When Mr. Michele either couldn’t, or wouldn’t, switch gears — it’s not clear who instigated the breakup — he and Gucci’s owner, Kering, agreed to disagree.
Perhaps it was inevitable. The chances of any designer producing two major fashion-changing ideas in one career are very small. Hedi Slimane, for one, has been doing Hedi Slimane no matter what brand’s name (Dior Homme, Saint Laurent, Celine) is over the door. Tom Ford’s Tom Ford isn’t very different from Tom Ford’s Gucci. John Galliano has switched gears at Maison Margiela from his Dior and Galliano days, true, trading his high romance and historicism for eclectic haute recycling, but as of yet, and good as it is, it hasn’t had the same impact.
Breaths are bated for Phoebe Philo’s long-anticipated debut, and the question of whether she will do another version of the elegantly adult and interior clothes she made at Céline before Mr. Slimane changed its course, or something entirely new.
But whether change should be demanded in the first place is a different question. Maybe refining the big idea, owning the big idea for posterity, rather than ceding it entirely, should be enough. At a certain point, endless disruption and reinvention becomes as tiresome as the same old, same old. And continual growth on a finite planet is a chimera that should be sent back to the fantasyland from which it arose.
Indeed, coming in the wake of the COP27 climate conference, and yet more public commitments to sustainability from all sides of the fashion industry, the Gucci switcheroo seems particularly ironic. After all, what usually happens when a brand opts for change at the top? Out with the old! If no longer to the dumpster or the incinerator, at least to the sale racks. More stuff, flooding the stores. Sustainability implies commitment to an idea of a brand, not just to biodegradable materials. It implies a long-term relationship, which has its own implicit value.

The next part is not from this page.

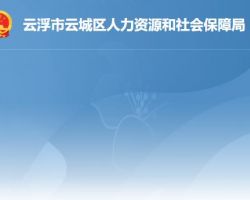 云浮市云城區(qū)人力資源和社會保障局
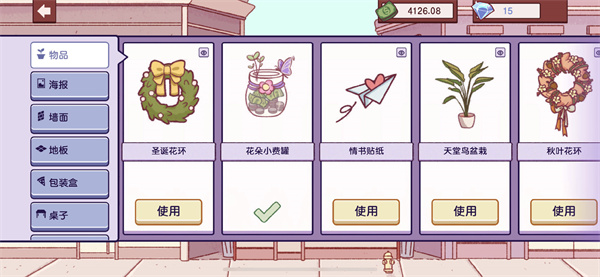 可口的比萨国服正版下载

Sometimes change is good, no question. Sometimes it is necessary. (See Burberry, which is about to get a makeover under the new designer Daniel Lee after Riccardo Tisci failed to give the British brand any discernible identity.) But when it’s change for change’s sake, or change for shopping’s sake, or change for analysts’ sake, which is change for investors’ sake, it simply reinforces the bad habits we’ve gotten into. Both as consumers and as companies. And that’s … well, that’s just another word for waste.